BEGIN Information shown

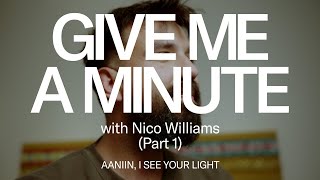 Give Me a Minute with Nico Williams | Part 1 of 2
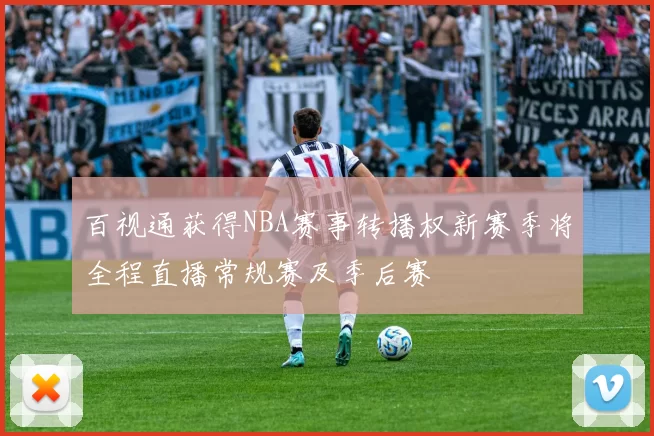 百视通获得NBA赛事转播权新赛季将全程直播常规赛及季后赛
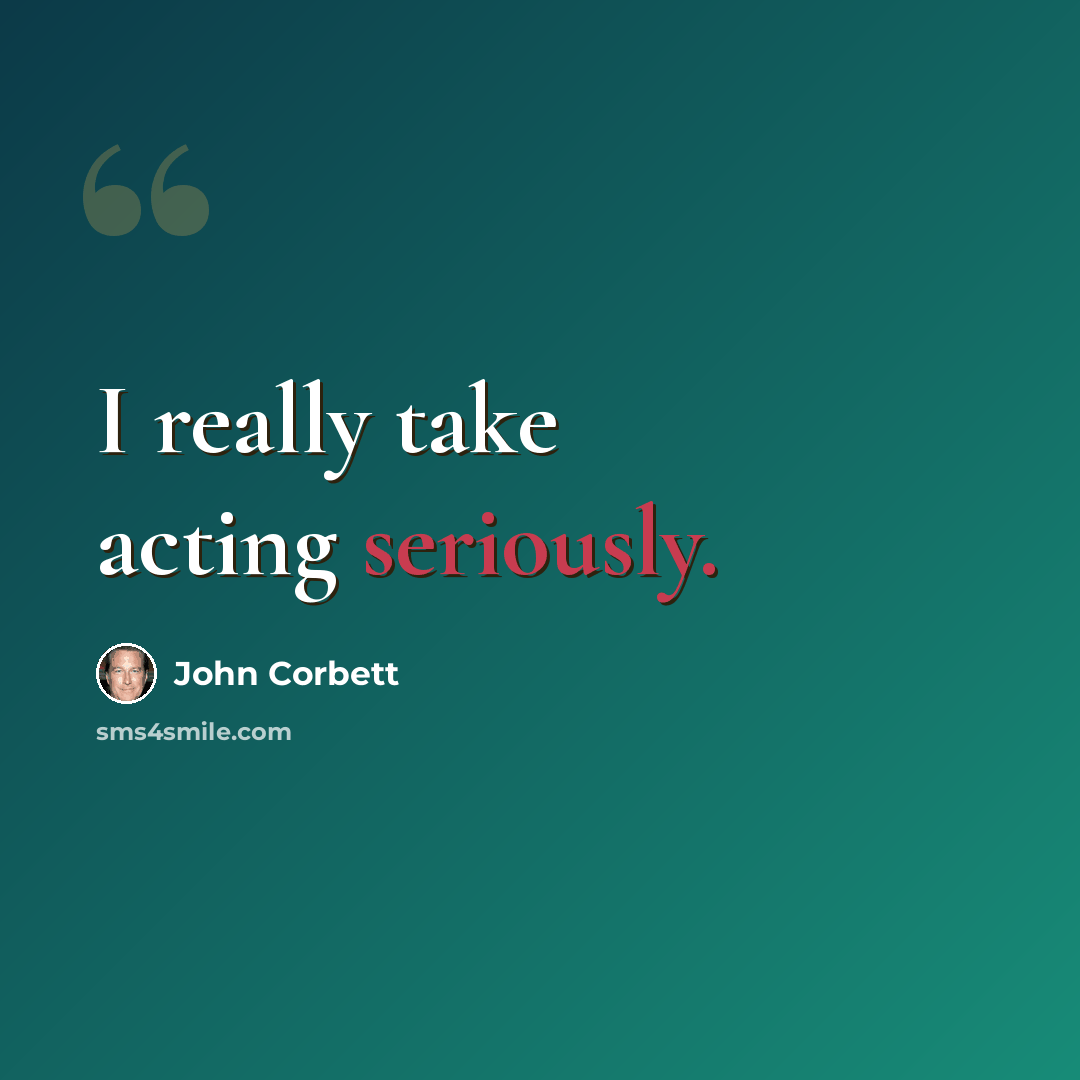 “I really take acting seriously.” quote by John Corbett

END Information shown

**Work item**: Copy the whole listing above word for word but do not carry over the pictures.

**Task answer**:
 Give Me a Minute with Nico Williams | Part 1 of 2
 百视通获得NBA赛事转播权新赛季将全程直播常规赛及季后赛
 “I really take acting seriously.” quote by John Corbett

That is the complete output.